__WORK TASK__
Look below for the line containing "A leaking part of an old wooden dam" and the line containing "May include: A", then set down both and every line between them exactly, without pictures.

Dataset excerpts:
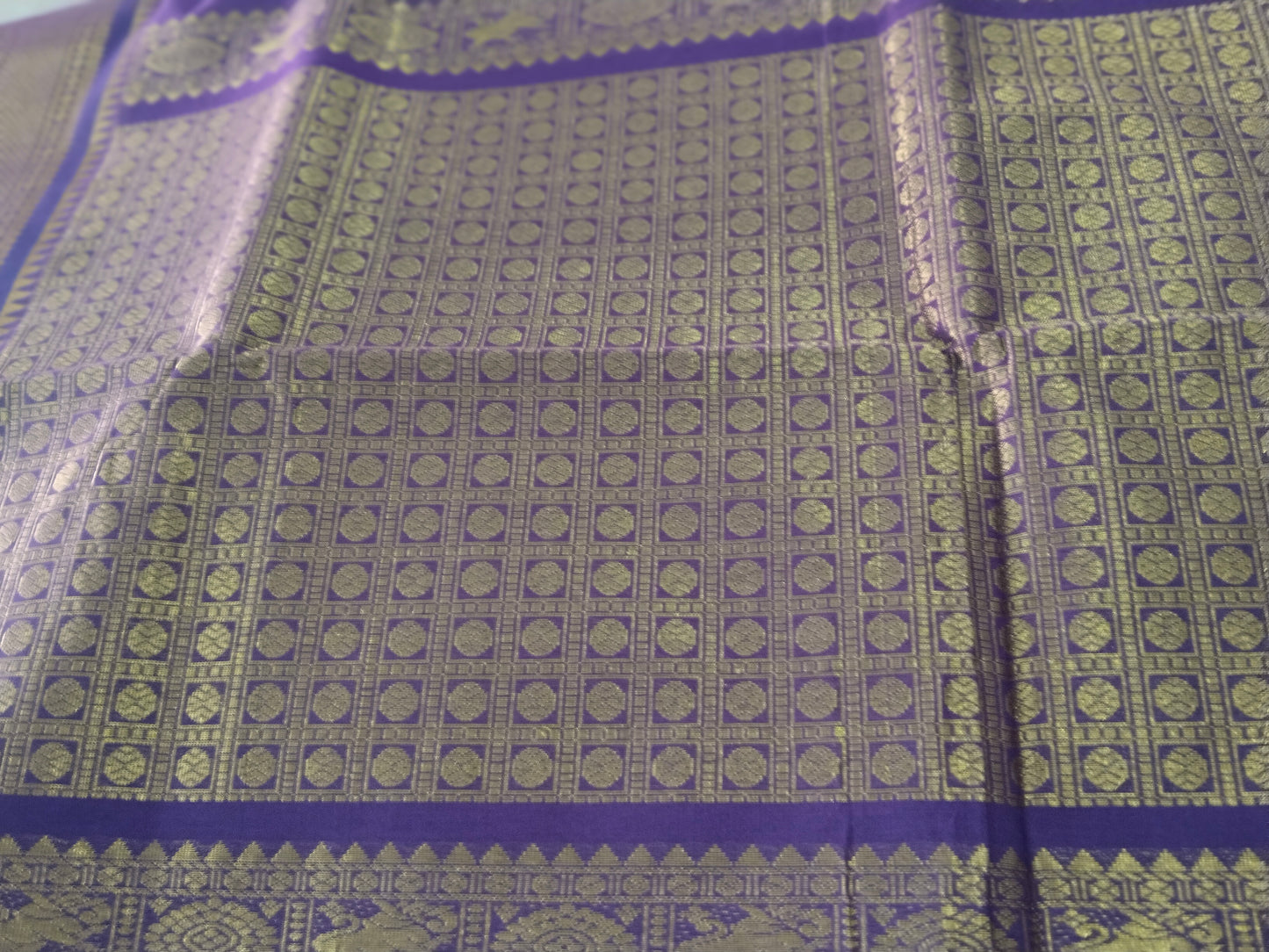 Deep violet vintage design buttas and very grand pallu saree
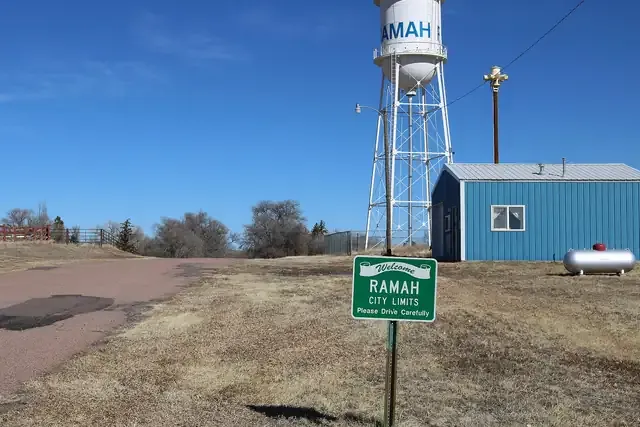 Ramah's town water tower and a small building on the open prairie under a blue sky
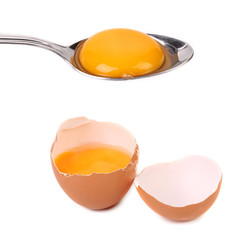 Egg yolk on a silver spoon in shell.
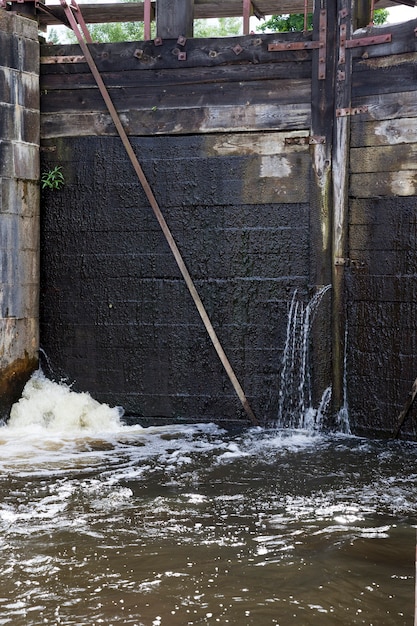 A leaking part of an old wooden dam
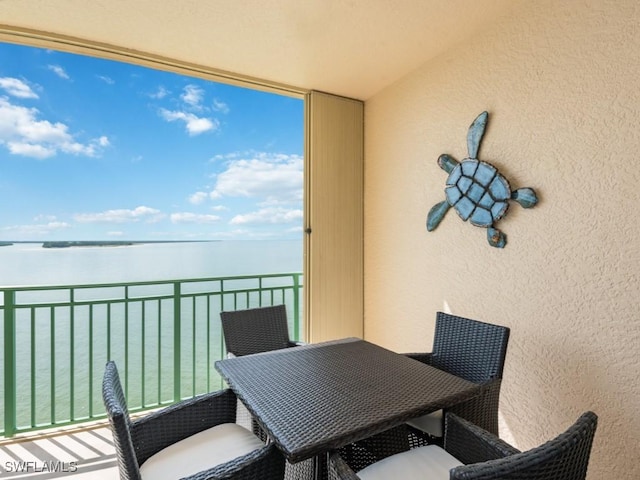 balcony featuring a water view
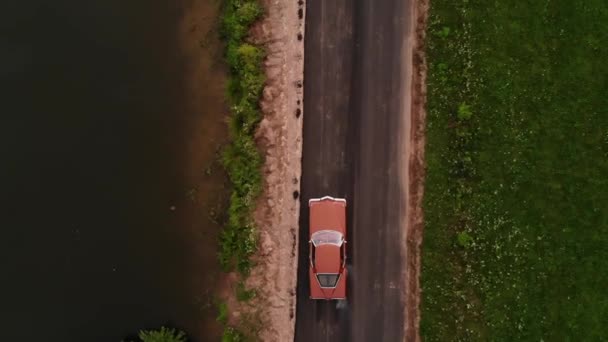 Aerial done view of vintage american car on the road — 비디오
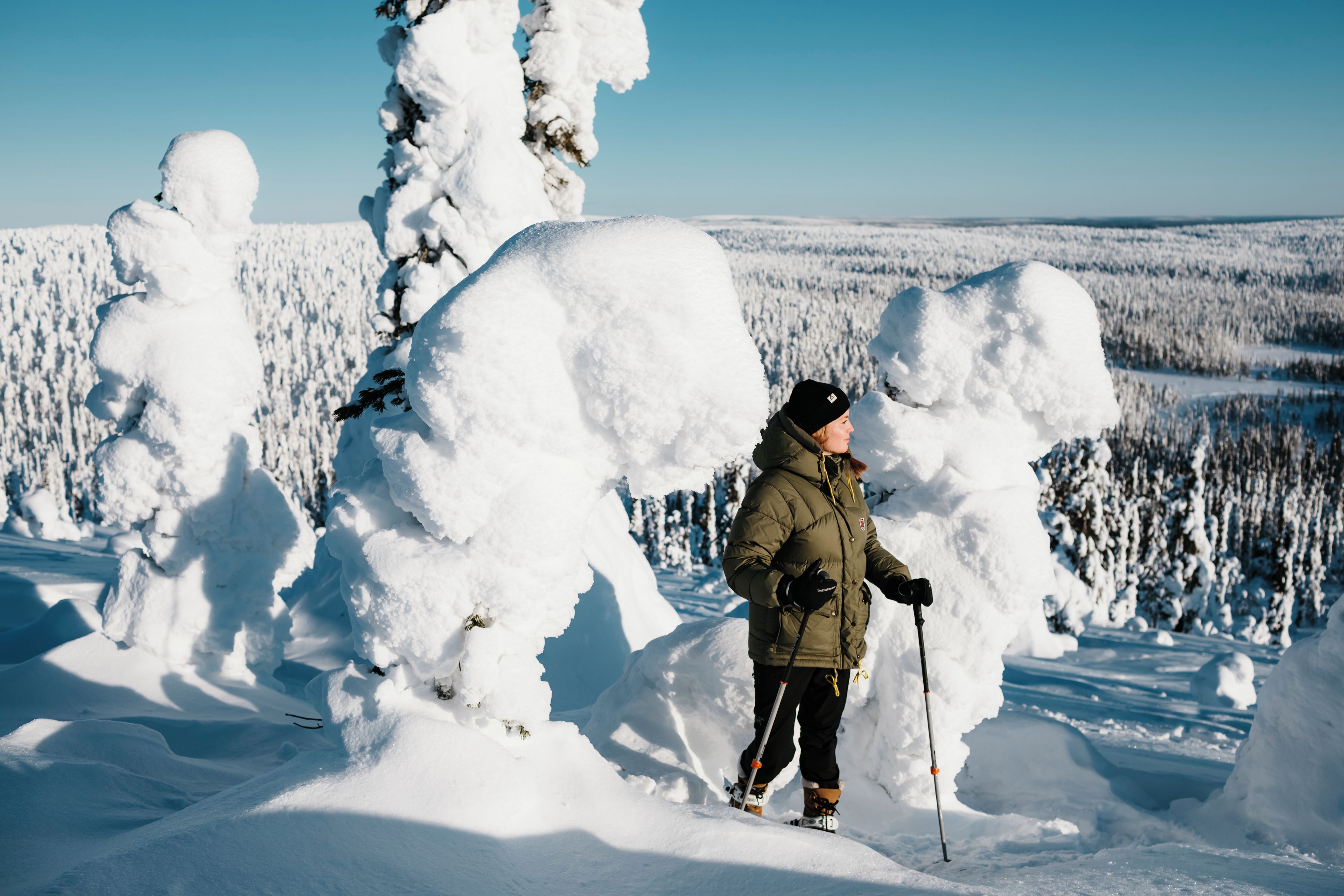 Henkilö seisoo lumisessa maisemassa, jonka taustalla on lumipeitteisiä puita ja kirkas taivas.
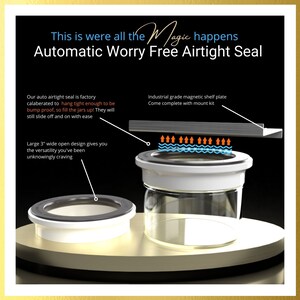 May include: A white glass jar with a black airtight seal. The seal is designed to be bump-proof and easy to remove. The jar is sitting on a wooden surface. The text "This is were all the Magic happens Automatic Worry Free Airtight Seal" is at the top of the image.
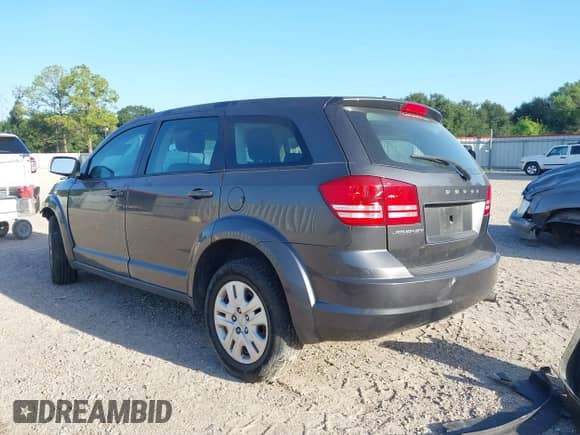 2015 Dodge Journey American Value z VIN 3C4PDCAB5FT559219, wystawiony jako IAAI lot #42852010 z przebiegiem 58 773 mil mil oraz . Historia ofert i sprzedaży dostępna na DreamBid. Obrazek 3.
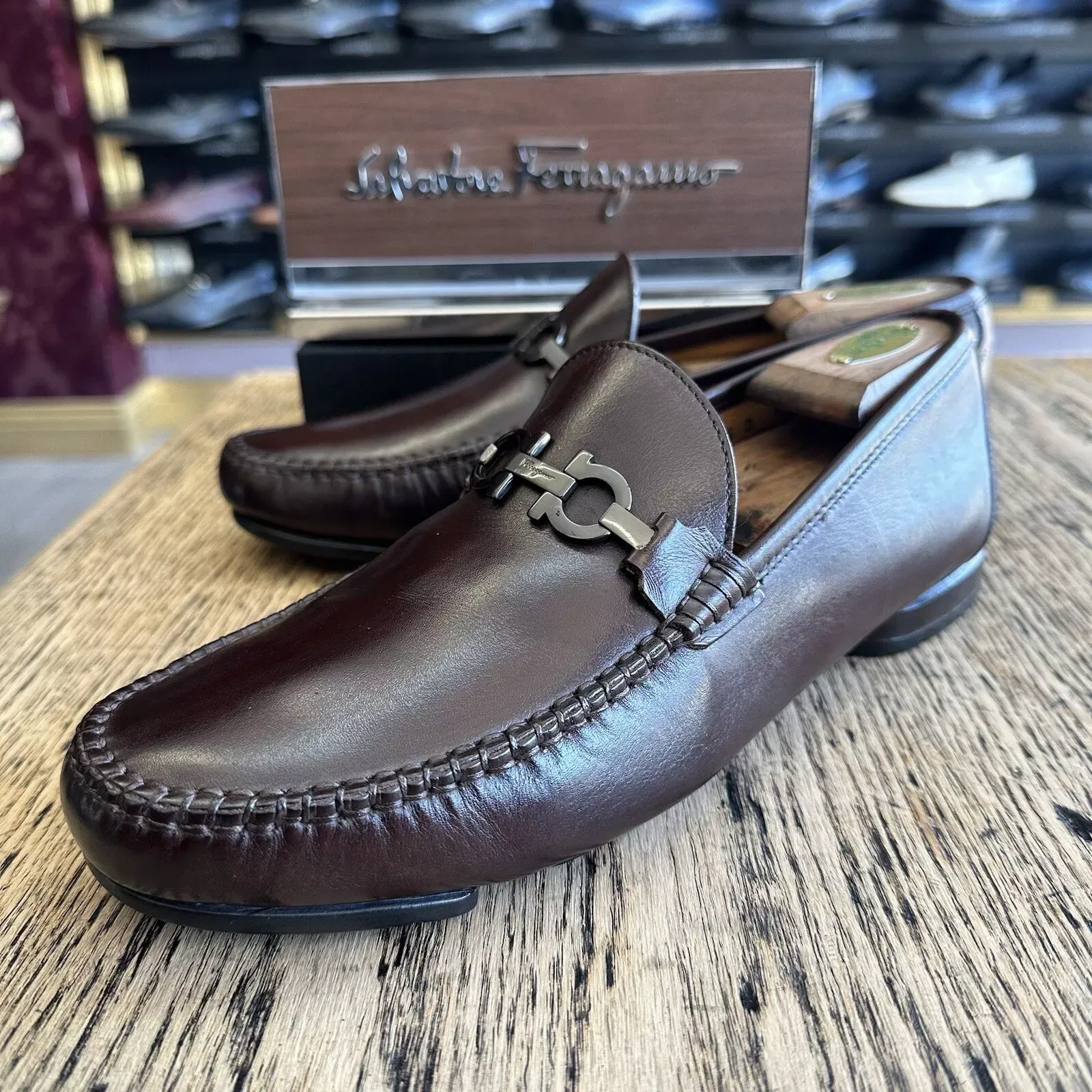 A pair of brown ferragamo loafers sitting on a wooden table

__RESPONSE TO THE TASK__
 A leaking part of an old wooden dam
 balcony featuring a water view
 Aerial done view of vintage american car on the road — 비디오
 Henkilö seisoo lumisessa maisemassa, jonka taustalla on lumipeitteisiä puita ja kirkas taivas.
 May include: A white glass jar with a black airtight seal. The seal is designed to be bump-proof and easy to remove. The jar is sitting on a wooden surface. The text "This is were all the Magic happens Automatic Worry Free Airtight Seal" is at the top of the image.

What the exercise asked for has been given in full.